--- Data excerpt ---
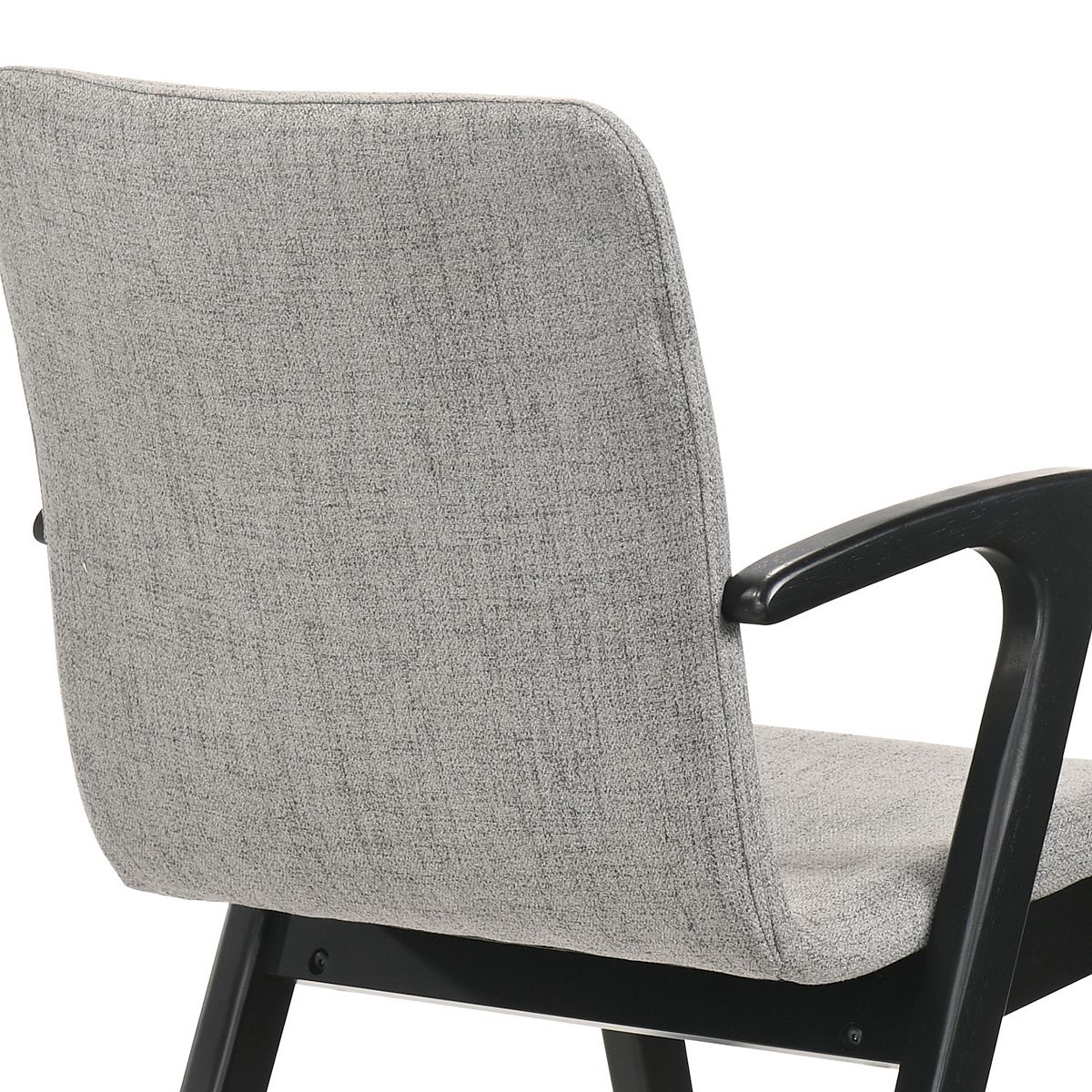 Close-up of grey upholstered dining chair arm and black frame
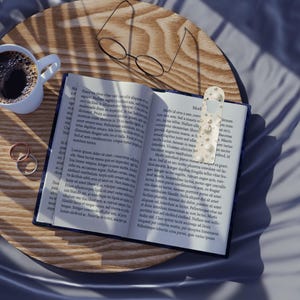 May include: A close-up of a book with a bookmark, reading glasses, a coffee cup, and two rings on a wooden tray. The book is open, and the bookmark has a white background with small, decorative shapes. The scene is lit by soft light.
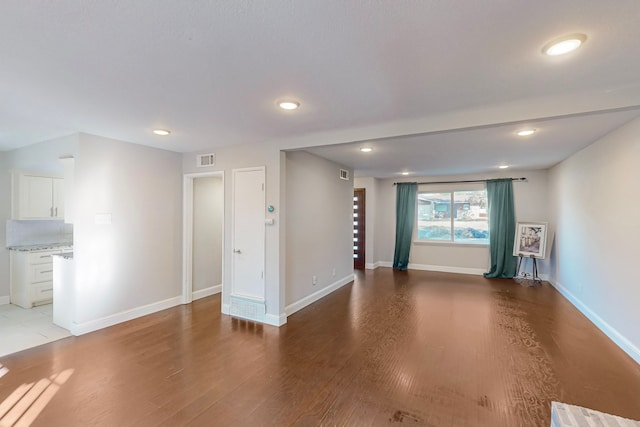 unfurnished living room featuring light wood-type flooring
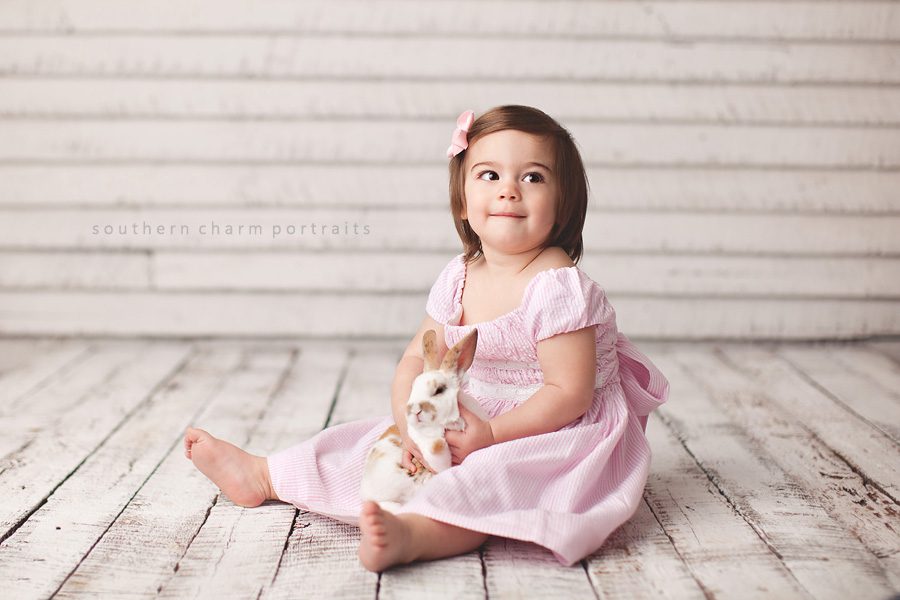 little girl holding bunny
---
• **What you will do**
Please return the full listing exactly as given, with the images left out.

• **Solution for this problem**
 Close-up of grey upholstered dining chair arm and black frame
 May include: A close-up of a book with a bookmark, reading glasses, a coffee cup, and two rings on a wooden tray. The book is open, and the bookmark has a white background with small, decorative shapes. The scene is lit by soft light.
 unfurnished living room featuring light wood-type flooring
 little girl holding bunny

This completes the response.